(Beginning of Data to use)

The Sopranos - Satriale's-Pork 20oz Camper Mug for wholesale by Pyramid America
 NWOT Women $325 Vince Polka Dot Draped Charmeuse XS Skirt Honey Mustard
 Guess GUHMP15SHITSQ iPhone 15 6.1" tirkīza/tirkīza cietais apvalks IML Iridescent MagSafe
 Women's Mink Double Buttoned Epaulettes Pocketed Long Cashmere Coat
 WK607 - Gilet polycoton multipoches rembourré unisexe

(End of Data to use)
(Beginning of Data to use)

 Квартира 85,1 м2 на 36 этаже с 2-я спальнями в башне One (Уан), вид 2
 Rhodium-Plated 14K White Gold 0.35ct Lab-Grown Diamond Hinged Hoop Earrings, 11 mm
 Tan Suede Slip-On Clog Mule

(End of Data to use)
(Beginning of Data to use)

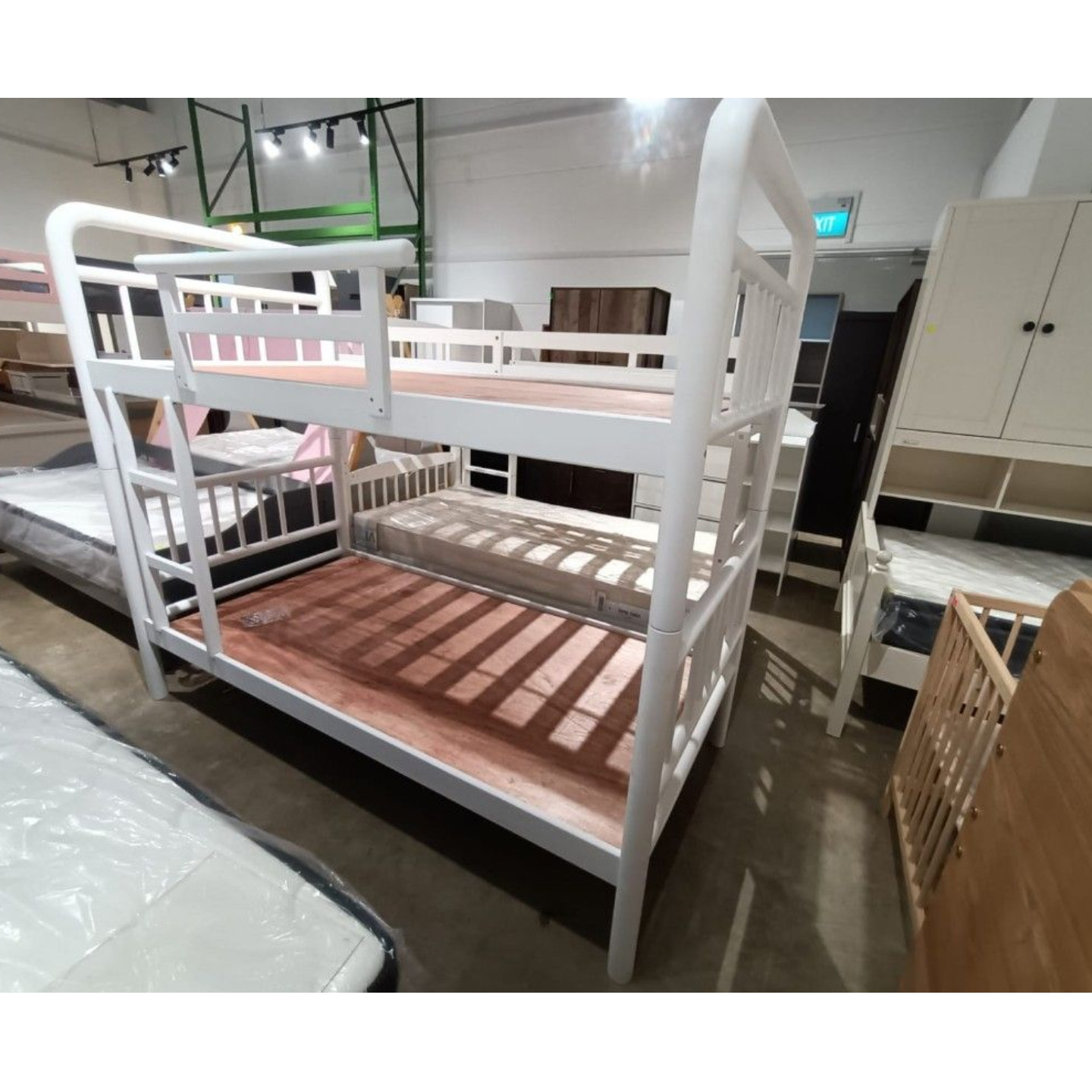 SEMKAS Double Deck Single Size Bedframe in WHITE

(End of Data to use)

* _Your task_
Would you please return all lines of the data that include the word "Women"?

* _Solution for this problem_
 NWOT Women $325 Vince Polka Dot Draped Charmeuse XS Skirt Honey Mustard
 Women's Mink Double Buttoned Epaulettes Pocketed Long Cashmere Coat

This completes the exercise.